Among the major causes that this international body highlights is that in some arid areas, there has been an increase in the amount of wastewater used to grow crops.
“The problem can be exacerbated by flooding, which can inundate sewage systems or stores of fertiliser, polluting both surface water and groundwater.”
Now take a closer look at what is behind the decline of the world’s per capita freshwater reserves and how this is affecting farmers, as explained by the world body specialised in environmental issues.
Drought and aridification
Research shows that global warming is sparking longer-lasting droughts, like the record-setting dry spells that have gripped East Africa and the Western United States. This, say experts, is a prime example of climate change in the flesh.

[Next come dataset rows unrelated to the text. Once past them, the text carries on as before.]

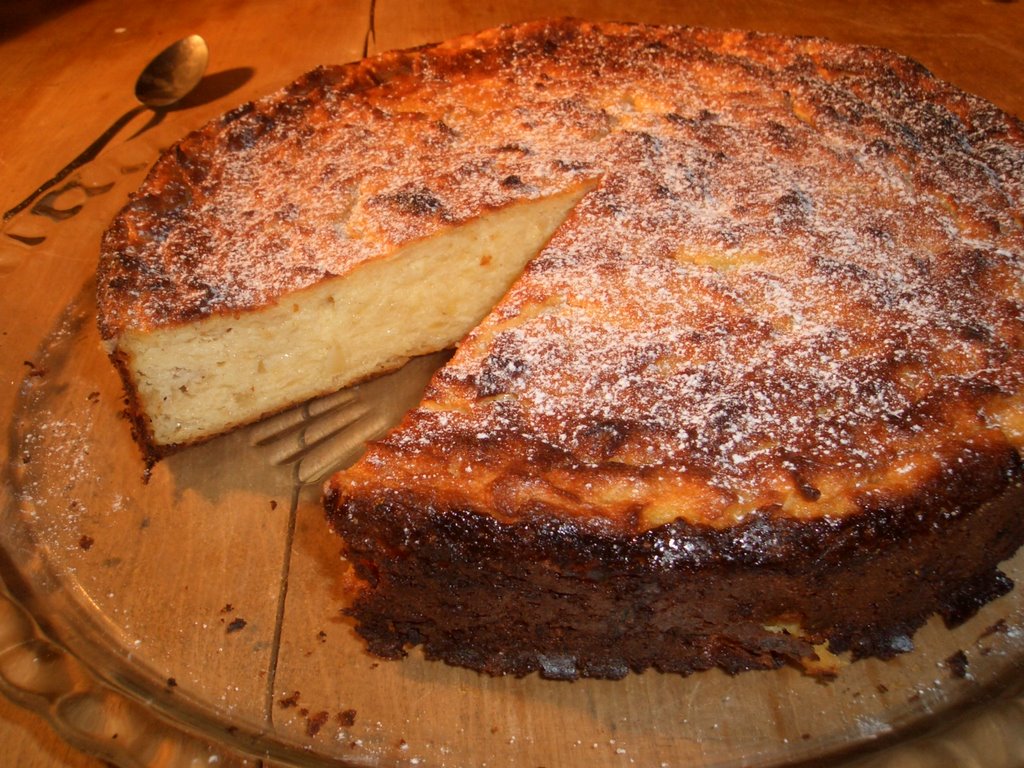 Творожный пирог с тертыми яблоками.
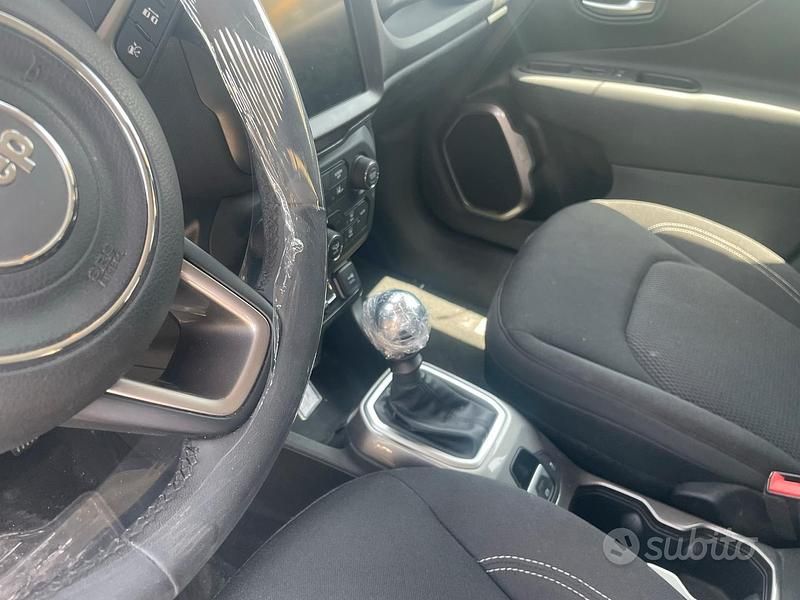 Usata Jeep Renegade Limited 120 CV (88 kW) 2021 Nero SUV
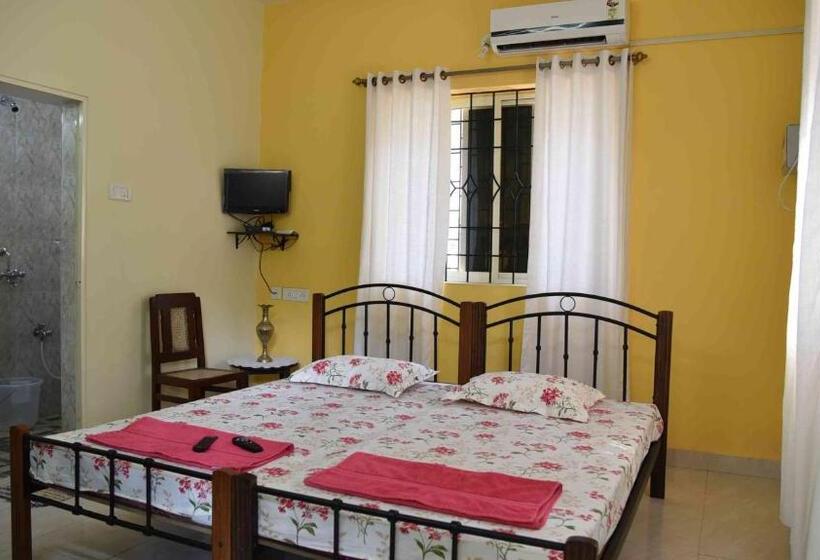 호텔 Niki Guest House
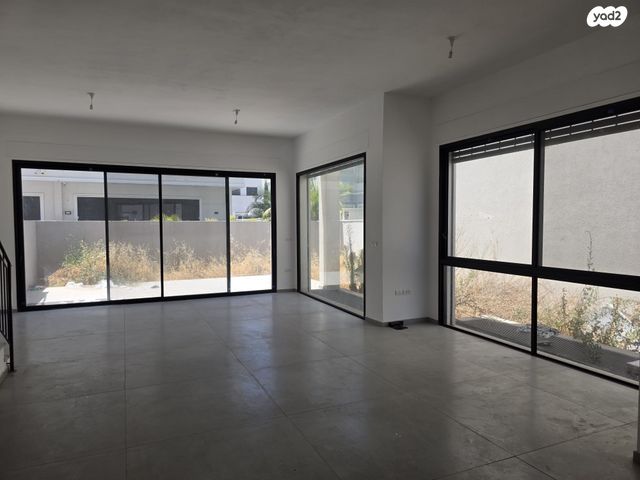 דו משפחתי, כפר יונה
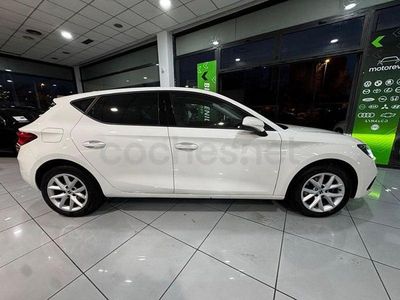 Usado Seat Leon Style 115 CV (84 kW) 2021 Blanco Berlina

Groundwater supplies 43% of the water used for irrigation. But improvements in drilling technology over the last few decades have led to its unsustainable extraction in parts of the world, such as India.

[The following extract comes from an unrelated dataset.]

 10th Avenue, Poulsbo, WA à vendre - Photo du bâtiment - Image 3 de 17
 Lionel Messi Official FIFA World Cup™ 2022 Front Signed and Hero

FAO estimates that 10% of the global grain harvest is being produced by depleting groundwater resources.
Intensive irrigation can lead to a rise in the water table, syphoning salt into the soil and the roots of plants, affecting their growth.
As well, the overuse of groundwater can combine with climate-change-induced sea-level rise to cause saltwater to penetrate coastal groundwater aquifers. This can damage crops and their yields and affect drinking water supplies.
UNEP estimates that around one-tenth of rivers around the world are affected by salinity pollution.
Humanity has altered more than 70% of the Earth’s land area, causing what the Global Land Outlook called “unparalleled environmental degradation”. In many places, the ability of soils to store and filter water is waning, making it harder to grow crops and raise livestock.
All the above also leads to the steady loss of biodiversity.
The markets and the short-term profits
The way nature is valued in political and economic decisions is both a key driver of the global biodiversity crisis and a vital opportunity to address it, according to a four-year methodological assessment by 82 top scientists and experts from every region of the world.
The Assessment Report on the Diverse Values and Valuation of Nature, released on 11 July 2022 by the Intergovernmental Science-Policy Platform on Biodiversity and Ecosystem Services (IPBES), finds that:
Why is it now degraded faster than ever?
“Biodiversity is being lost and nature’s contributions to people are being degraded faster now than at any other point in human history,” said Ana María Hernández Salgar, Chair of IPBES.
“This is largely because our current approach to political and economic decisions does not sufficiently account for the diversity of nature’s values.”